Windows Updates is a difficult subject:
http://wiki.squid-cache.org/SquidFaq/WindowsUpdate
Apple Updates I don't know much about. Either they supply accurate and
useful caching controls or they don't, if they do absolutely DO NOT use
refresh pattern to mangle them up. If they are like WU and doing weird
stuff some close inspection is needed and a report of those details
found would be very useful to a lot of people here ;-)

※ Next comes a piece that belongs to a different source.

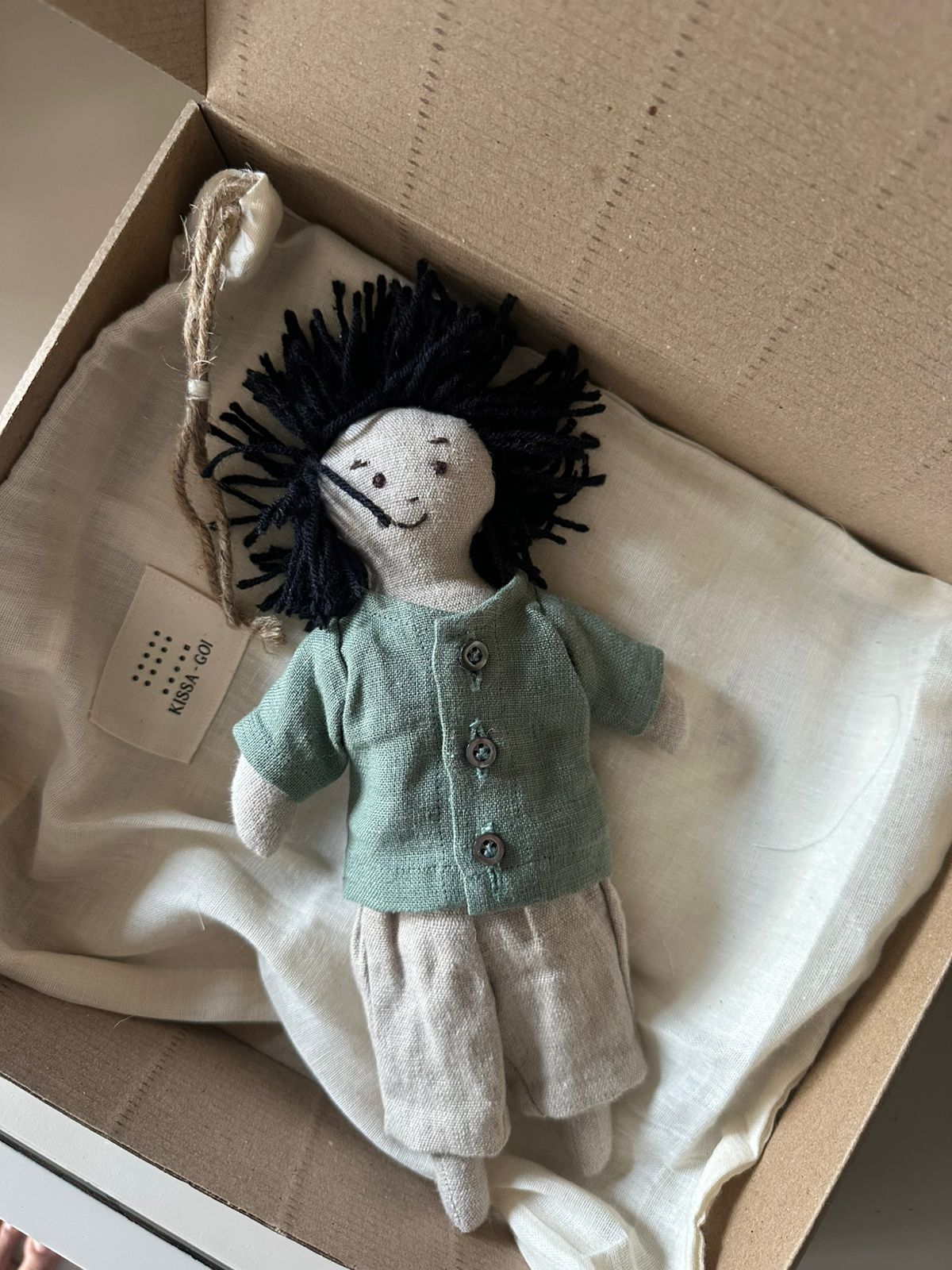 Stuffed doll with a solid linen shirt and white linen pants on a white bag inside a cardboard box. The first friend hand-stitched doll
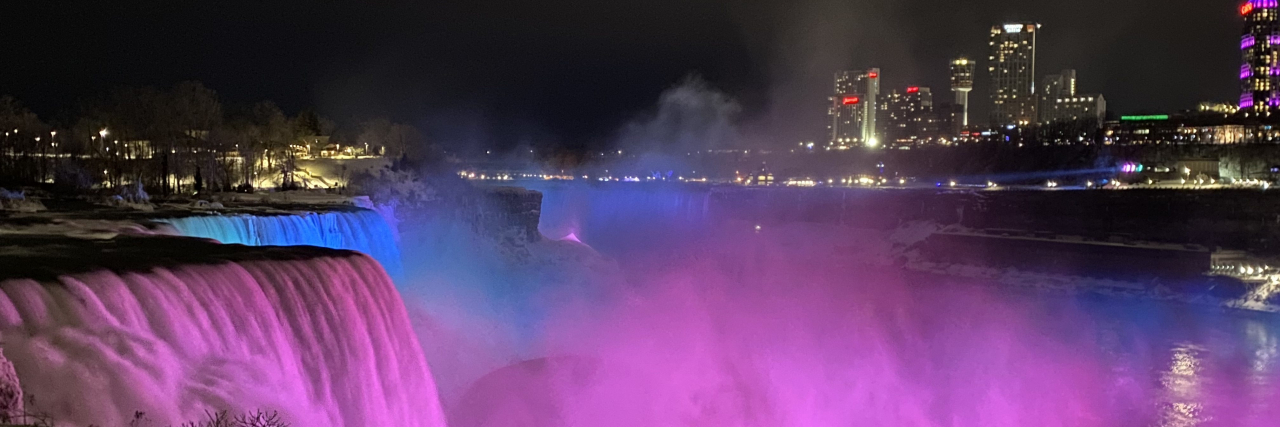 The picture is taken at night with a dark sky. There is water rushing over the falls and mist which floated up from the rocks below. There is a light shining on the water that makes it look like the water is pink, green and bleu in honor of Rare Disease Day. There is a shyline behind the lit up falls with both low and tall buildings of different shapes. The buildings have lit white/yellow rectangle windows. There is a tall building with the word CASINO lit on top of the building in red.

AV vendors tend to be cache friendly but do supply short lifetimes on
their data. When you think about it that is a GOOD thing. In particular
it is useless having your clients doing an AV update daily and getting
last years definitions file. If anything use refresh_pattern to
*shorten* long lifetimes on their packages, but normally you would not
want that.
The same logic from AV goes for any updater service, caching the large
files is usually fine but do be very careful about the ages and privacy
details. Some D/L are signed with security keys per-user so a sending a
file to other users from cache will only result in 'corrupt' downloads
and huge amounts of traffic wasted.
I want to be able to do this all in Squid... But it seems
useless....
Unless someone else has other suggestions? The only thing I'm seeing
TCP_HIT's on is video content, as I'm using VideoCache. But this isn't
enough... I want just about everything to be cached. My proxy server
is a dedicated proxy system with 1 TB of hard drive space for caching.
My squid configuration can be viewed here:
http://pastebin.com/XW5yZmvk
Problem #4:
non-refresh_pattern controls on caching. As you can see from the
WindowsUpdate wiki page there are a bunch of other controls directly
affecting cache usage in Squid.
Amos